The following are the most common causes of postmenopausal uterine bleeding:
- Endometrial Polyps
- Endometrial Hyperplasia (the thickening of the uterine wall)
- Endometrial Atrophy (the thinning of the uterine wall)
- Fibroids
- Endometrial Cancer
- Cervical Cancer
- Blood Thinners may be a contributing factor to postmenopausal bleeding
Another possible cause of postmenopausal bleeding is vaginal irritation due to the lack of estrogen, which is referred to as vaginal atrophy. Some postmenopausal women experience pain and bleeding resulting from sexual intercourse.
Diagnosis of Postmenopausal Bleeding
Any bleeding during the postmenopausal time must be evaluated as soon as possible. The most important concept in the diagnostic evaluation of postmenopausal bleeding is ruling out cancer. A transvaginal ultrasound will likely be performed, which will help determine if a uterine polyp, mass, or thickened uterine lining is present. This can be followed by a subsequent procedure involving dilation of the cervix and sampling of the endometrium or removal of a mass or polyp.
The endometrial biopsy will show either endometrial hyperplasia or endometrial cancer. It’s important to note that endometrial hyperplasia can progress to endometrial cancer or can be an indicator of coexisting endometrial cancer.
Available Postmenopausal Treatment
The treatment prescribed will be determined by the primary cause of bleeding.
If the bleeding is caused by endometrial hyperplasia, the treatment can be either treatment with progestin therapy or hysterectomy.
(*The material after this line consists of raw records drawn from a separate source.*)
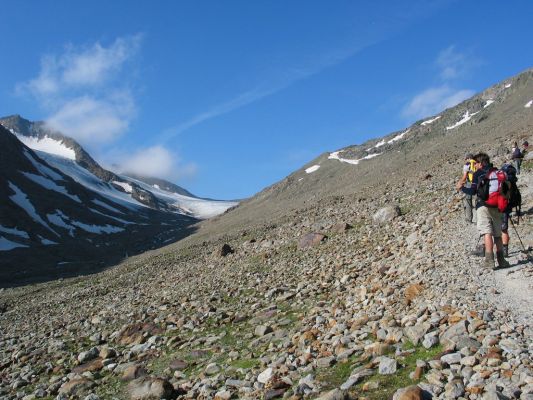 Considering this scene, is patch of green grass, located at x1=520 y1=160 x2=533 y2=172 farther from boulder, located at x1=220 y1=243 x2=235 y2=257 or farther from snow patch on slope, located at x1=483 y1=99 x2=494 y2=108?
snow patch on slope, located at x1=483 y1=99 x2=494 y2=108

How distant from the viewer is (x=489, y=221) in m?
11.5

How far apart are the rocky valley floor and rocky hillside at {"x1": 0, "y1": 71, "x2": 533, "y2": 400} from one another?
0.04 m

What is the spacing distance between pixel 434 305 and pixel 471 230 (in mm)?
6623

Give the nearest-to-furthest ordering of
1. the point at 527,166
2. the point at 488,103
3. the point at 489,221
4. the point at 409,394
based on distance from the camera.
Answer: the point at 409,394 < the point at 489,221 < the point at 527,166 < the point at 488,103

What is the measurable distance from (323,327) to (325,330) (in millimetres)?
313

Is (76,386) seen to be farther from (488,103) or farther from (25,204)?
(25,204)

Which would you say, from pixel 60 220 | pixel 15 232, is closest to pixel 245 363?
pixel 15 232

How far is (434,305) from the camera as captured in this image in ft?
32.6

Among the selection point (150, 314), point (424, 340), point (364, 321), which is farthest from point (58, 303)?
point (424, 340)

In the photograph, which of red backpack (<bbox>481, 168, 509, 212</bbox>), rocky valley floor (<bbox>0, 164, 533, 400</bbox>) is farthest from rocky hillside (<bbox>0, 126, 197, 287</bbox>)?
red backpack (<bbox>481, 168, 509, 212</bbox>)

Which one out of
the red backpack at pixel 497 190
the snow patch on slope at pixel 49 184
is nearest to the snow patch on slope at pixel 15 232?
the snow patch on slope at pixel 49 184

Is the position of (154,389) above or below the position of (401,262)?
below

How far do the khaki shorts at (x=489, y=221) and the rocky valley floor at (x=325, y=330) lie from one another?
981mm

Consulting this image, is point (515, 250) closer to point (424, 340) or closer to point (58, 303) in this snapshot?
point (424, 340) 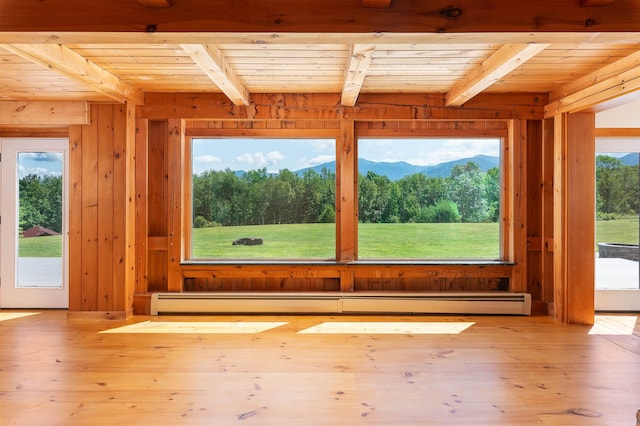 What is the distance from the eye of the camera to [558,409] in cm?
263

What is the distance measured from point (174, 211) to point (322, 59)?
2443mm

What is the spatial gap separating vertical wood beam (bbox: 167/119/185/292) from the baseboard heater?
0.68ft

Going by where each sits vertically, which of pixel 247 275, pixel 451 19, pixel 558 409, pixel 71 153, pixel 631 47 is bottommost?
pixel 558 409

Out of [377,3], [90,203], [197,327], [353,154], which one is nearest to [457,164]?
[353,154]

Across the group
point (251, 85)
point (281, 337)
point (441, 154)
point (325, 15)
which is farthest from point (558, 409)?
point (251, 85)

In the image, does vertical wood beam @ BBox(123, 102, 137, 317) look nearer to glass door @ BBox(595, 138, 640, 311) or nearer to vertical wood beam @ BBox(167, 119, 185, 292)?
vertical wood beam @ BBox(167, 119, 185, 292)

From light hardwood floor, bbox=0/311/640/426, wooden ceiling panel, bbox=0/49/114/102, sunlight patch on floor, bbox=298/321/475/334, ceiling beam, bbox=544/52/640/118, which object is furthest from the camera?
sunlight patch on floor, bbox=298/321/475/334

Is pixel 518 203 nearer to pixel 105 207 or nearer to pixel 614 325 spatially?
pixel 614 325

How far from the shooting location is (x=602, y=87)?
3.93m

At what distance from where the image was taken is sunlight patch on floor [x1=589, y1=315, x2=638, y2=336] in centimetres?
427

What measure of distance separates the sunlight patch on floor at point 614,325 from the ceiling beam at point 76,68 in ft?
16.7

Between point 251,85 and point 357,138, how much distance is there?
1.37 meters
The recommendations by the OB-GYN will depend upon associated risk factors. For example, some patients want to avoid surgery and may be appropriate candidates for progestin. Yet, some will want to have definitive care, which both eliminates the source of bleeding as well as the risk of cancer.
Endometrial cancer will require surgery during which the process of surgical staging will be done. The surgical procedure will involve the removal of the uterus, fallopian tubes, ovaries, and surrounding lymph nodes which determines the level of spread of cancer. The surgical procedure is often performed as a “robotic” or laparoscopic procedure, which is the standard minimally invasive surgical technique. This type of surgery has the least morbidity for patients.
There are some additional treatment considerations in cases of postmenopausal bleeding caused by diagnoses other than endometrial cancer or endometrial hyperplasia.
The following are the most common treatments of other postmenopausal bleeding causes:
- Postmenopausal Hormone Therapy – depending on the individual situation
- Surgical Removal of Polyps
- Hysterectomy
Hysterectomy is an appropriate consideration in cases where attempted conservative therapy for postmenopausal bleeding has failed. The hysterectomy procedure should include the excision of the fallopian tubes and ovaries to prevent any possible development of cancer in those tissues. In addition, a vaginal hysterectomy may be considered in women who are appropriate candidates. Minimally invasive surgery utilizing laparoscopic-assisted hysterectomy or robotic surgery can also be considered in this case.
The ultimate goal of any treatment is to eliminate symptoms, cure the problem, and minimize the potential risks. Your gynecologist will help to determine what course of treatment is best.
Final Thoughts
Postmenopausal bleeding is usually unexpected and can be quite concerning for women. However, timely and effective treatment will lead to the best possible outcome for postmenopausal bleeding. When symptoms begin, be sure to see your medical care professional or gynecologist at the earliest possible time. Early detection of the cause of bleeding will definitely lead to better overall health.
Postmenopausal bleeding is not normal and must be taken seriously. While it may not cause pain, it should not be ignored. The bleeding can often worsen, and it may also be a sign of a more significant health issue such as cancer.
An evaluation by a gynecologist is the standard of care for this medical condition.